WHAT TO DO:
Set each record down exactly, excluding all images.

INFORMATION SHOWN:

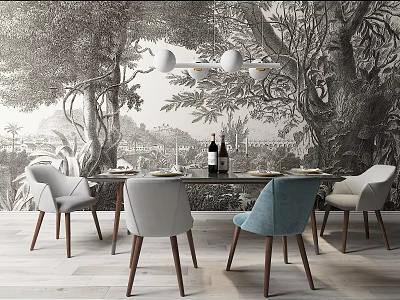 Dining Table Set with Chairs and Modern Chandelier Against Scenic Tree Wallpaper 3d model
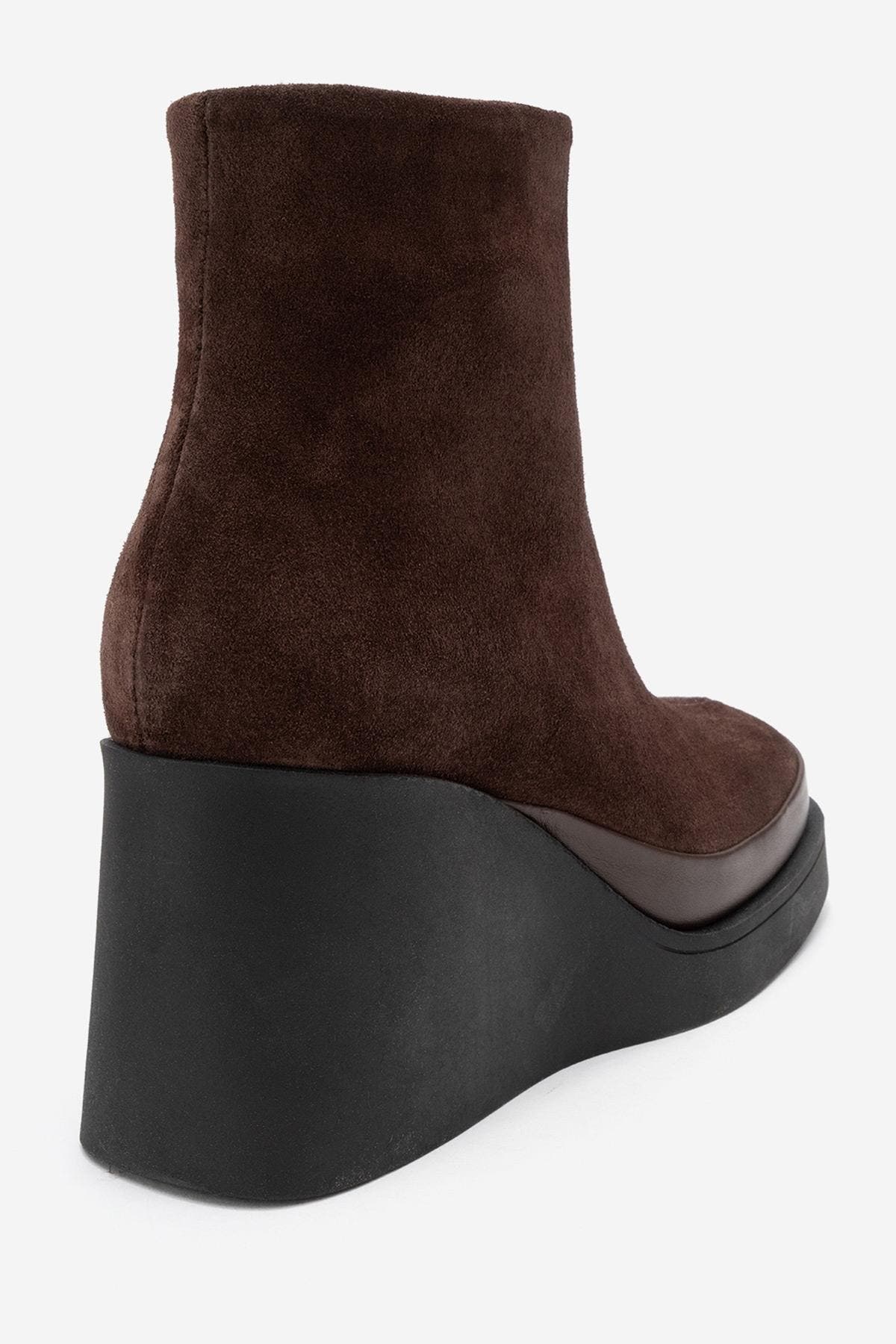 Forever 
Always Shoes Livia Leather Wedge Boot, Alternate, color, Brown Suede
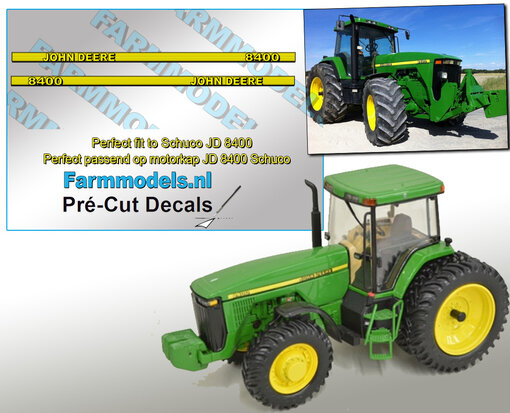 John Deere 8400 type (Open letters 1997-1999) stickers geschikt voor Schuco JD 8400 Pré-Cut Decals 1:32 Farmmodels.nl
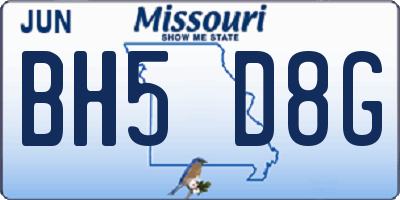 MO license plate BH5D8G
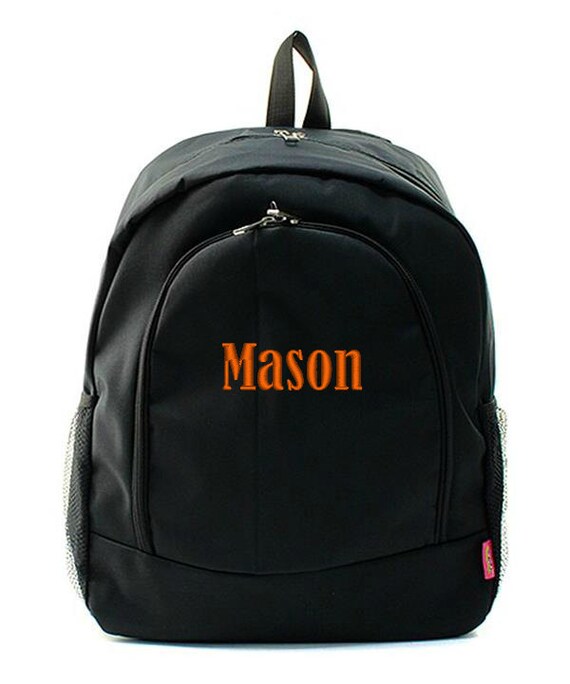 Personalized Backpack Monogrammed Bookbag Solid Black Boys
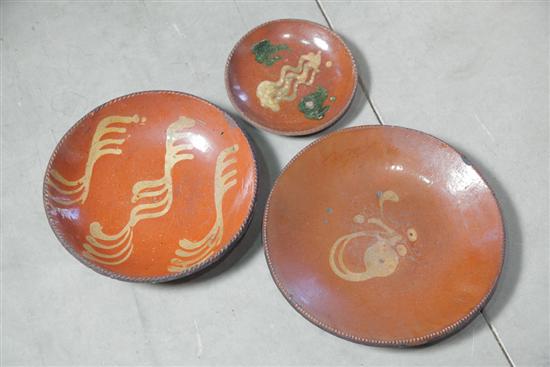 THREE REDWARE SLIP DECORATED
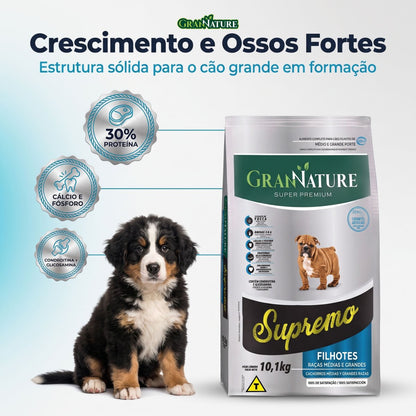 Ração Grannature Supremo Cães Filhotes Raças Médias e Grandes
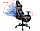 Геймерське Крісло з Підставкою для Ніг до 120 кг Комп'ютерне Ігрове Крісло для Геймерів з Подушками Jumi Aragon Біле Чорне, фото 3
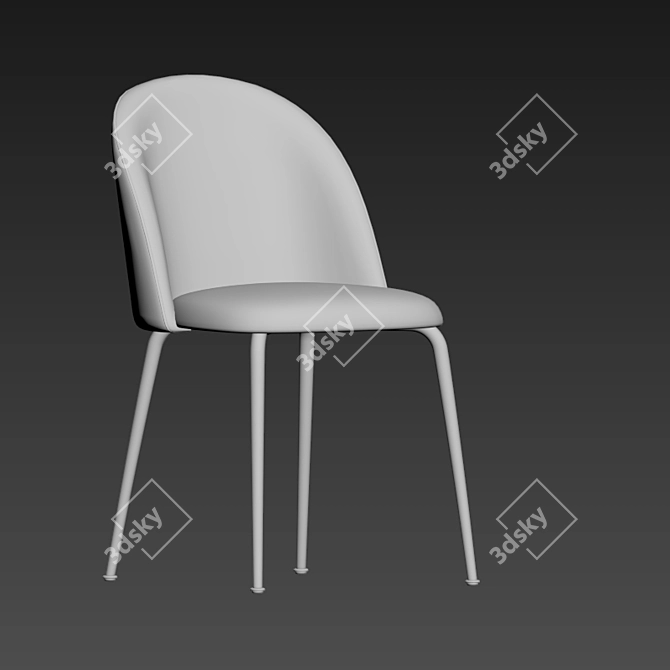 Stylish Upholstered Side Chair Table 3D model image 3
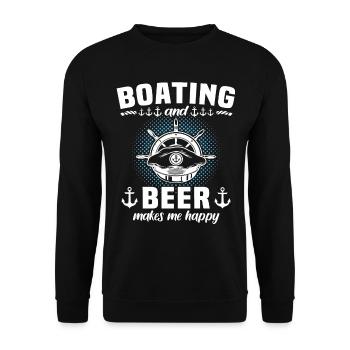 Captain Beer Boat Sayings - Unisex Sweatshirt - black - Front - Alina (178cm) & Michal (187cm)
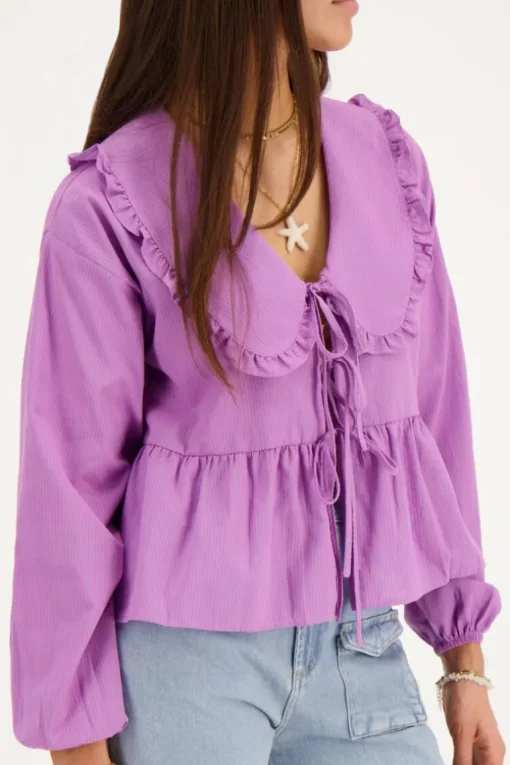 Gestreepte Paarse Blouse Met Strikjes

SOLUTION TO THIS TASK:
 Dining Table Set with Chairs and Modern Chandelier Against Scenic Tree Wallpaper 3d model
 Forever 
Always Shoes Livia Leather Wedge Boot, Alternate, color, Brown Suede
 John Deere 8400 type (Open letters 1997-1999) stickers geschikt voor Schuco JD 8400 Pré-Cut Decals 1:32 Farmmodels.nl
 MO license plate BH5D8G
 Personalized Backpack Monogrammed Bookbag Solid Black Boys
 THREE REDWARE SLIP DECORATED
 Ração Grannature Supremo Cães Filhotes Raças Médias e Grandes
 Геймерське Крісло з Підставкою для Ніг до 120 кг Комп'ютерне Ігрове Крісло для Геймерів з Подушками Jumi Aragon Біле Чорне, фото 3
 Stylish Upholstered Side Chair Table 3D model image 3
 Captain Beer Boat Sayings - Unisex Sweatshirt - black - Front - Alina (178cm) & Michal (187cm)
 Gestreepte Paarse Blouse Met Strikjes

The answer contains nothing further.